Итак, это не были, как видим, времена всеобщей необразованности, когда читатели всех классов должны были в один голос восхищаться "Потерянным раем". Но обычно обо всех трех — Драйдене, Аддисоне и Джонсоне — говорят как о критиках августинианской эпохи, не принимая во внимание двух различий: духовного оскудения общества в период от Драйдена до Аддисона и заметной изолированности Джонсона. Конечно, только с неосознанной иронией можно говорить об "эпохе Джонсона", как говорят об "эпохе Драйдена" или "эпохе Аддисона". Одинокий в жизни, Джонсон кажется еще более одиноким в своих интеллектуальных и духовных исканиях. Он не мог даже слишком любить поэзию своей эпохи, которой поклонники восемнадцатого века теперь "считают нужным наслаждаться"; более чем справедливый к Коллинзу, он был строг к Грею и не более того. Я убежден, что сам он превосходит их как поэт — не восприимчивостью, не метрическим искусством или изяществом фразы, но нравственным величием, и стремлением к возвышенному.

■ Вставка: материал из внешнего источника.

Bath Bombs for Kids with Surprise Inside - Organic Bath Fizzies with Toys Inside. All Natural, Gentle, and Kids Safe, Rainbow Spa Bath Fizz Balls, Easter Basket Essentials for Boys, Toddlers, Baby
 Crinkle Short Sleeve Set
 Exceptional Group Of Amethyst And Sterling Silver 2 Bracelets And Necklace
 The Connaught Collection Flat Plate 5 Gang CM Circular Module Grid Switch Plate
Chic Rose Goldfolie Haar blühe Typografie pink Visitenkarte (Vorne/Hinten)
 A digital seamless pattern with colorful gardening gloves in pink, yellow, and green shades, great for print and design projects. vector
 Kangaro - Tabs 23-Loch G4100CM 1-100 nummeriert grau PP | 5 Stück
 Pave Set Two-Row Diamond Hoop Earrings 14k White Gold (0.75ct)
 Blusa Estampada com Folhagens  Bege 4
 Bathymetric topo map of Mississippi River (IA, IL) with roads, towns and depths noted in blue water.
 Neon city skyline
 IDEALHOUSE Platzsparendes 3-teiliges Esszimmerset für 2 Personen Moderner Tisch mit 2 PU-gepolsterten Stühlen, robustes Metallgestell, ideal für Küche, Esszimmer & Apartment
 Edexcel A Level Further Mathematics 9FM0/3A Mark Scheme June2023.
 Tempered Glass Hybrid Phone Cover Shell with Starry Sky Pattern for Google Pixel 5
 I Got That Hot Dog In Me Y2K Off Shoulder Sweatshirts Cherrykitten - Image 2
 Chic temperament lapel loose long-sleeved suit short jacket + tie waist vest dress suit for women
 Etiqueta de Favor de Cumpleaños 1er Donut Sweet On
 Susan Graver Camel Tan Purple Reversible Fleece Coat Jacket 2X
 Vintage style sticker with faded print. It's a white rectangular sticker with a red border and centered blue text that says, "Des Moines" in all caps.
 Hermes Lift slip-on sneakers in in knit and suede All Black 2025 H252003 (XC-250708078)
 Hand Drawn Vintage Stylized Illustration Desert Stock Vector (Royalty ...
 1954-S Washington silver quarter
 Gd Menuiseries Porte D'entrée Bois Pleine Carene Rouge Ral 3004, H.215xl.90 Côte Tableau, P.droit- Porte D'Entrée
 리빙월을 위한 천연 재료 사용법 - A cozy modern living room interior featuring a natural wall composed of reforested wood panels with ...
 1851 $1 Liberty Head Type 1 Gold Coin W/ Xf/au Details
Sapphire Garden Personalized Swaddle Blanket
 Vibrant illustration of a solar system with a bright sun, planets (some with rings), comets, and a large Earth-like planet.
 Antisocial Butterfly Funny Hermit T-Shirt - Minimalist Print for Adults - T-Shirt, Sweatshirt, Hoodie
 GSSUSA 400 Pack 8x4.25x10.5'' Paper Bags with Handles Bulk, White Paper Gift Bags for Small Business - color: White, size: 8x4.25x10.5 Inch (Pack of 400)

Такое произведение Джонсона, как "Жизнеописания поэтов", его эссе о Шекспире не теряют нисколько своей значимости от того, что каждое поколение всегда дает собственную оценку поэзии прошлого в перспективе деятельности современников и непосредственных предшественников. Критика поэзии колеблется между двумя крайностями. С одной стороны, критик может так погрузиться в нормальный, исторический, религиозный и проч. смысл поэмы или какого-либо произведения, что поэзия будет лишь предлогом для обсуждения. Такова тенденция морализующих критиков девятнадцатого века, из которых Лэндор представляет примечательное исключение. Или же, слишком цепляясь за "поэзию" и не имея собственной точки зрения на тот предмет, о котором говорит поэт, мы рискуем лишить ее всякого содержания. Более того, существует философская граница, за которую нельзя заходить слишком далеко или слишком часто, если вы хотите сохранить позицию критика и не собираетесь предстать философом, метафизиком, социологом или психологом. Джонсон в этом отношении — образец критической честности. В своих границах он один из великих критиков, и велик он отчасти потому, что их придерживается. Зная их, вы знаете свое местоположение. Учитывая все соблазны, подостерегающие критика при оценке современной литературы, все предубеждения, которым невольно платят дань в оценке писателей-предшественников ближайшего поколения, я считаю "Жизнеопсания поэтов" Джонсона образцовым произведением правосудия. Он не такой совершенный стилист, как некоторые, современные ему прозаики. Его стиль часто выдает человека, привыкшего скорее говорить, чем писать; кажется, что он мыслит вслух — на коротком дыхании, а не длинными периодами историка или оратора. Его критика — целебное средство против догматических излишеств восемнадцатого века (которыми больше увлекались во Франции, чем в Англии), а также против преувеличенного восхваления отдельных поэтов с их ошибками и достоинствами. В девятнадцатом веке мы увидим причуды определенных критиков, которые не столько занимались собственно критикой, сколько использовали ее в других целях. Для Джонсона поэзия — все еще поэзия, а не что-либо другое. Принадлежи он следующему поколению — ему пришлось бы более глубоко исследовать основы поэзии, и он не оставил бы нам примера критики в рамках формирующейся цивилизации, которая не осмысляет функцию своих составляющих.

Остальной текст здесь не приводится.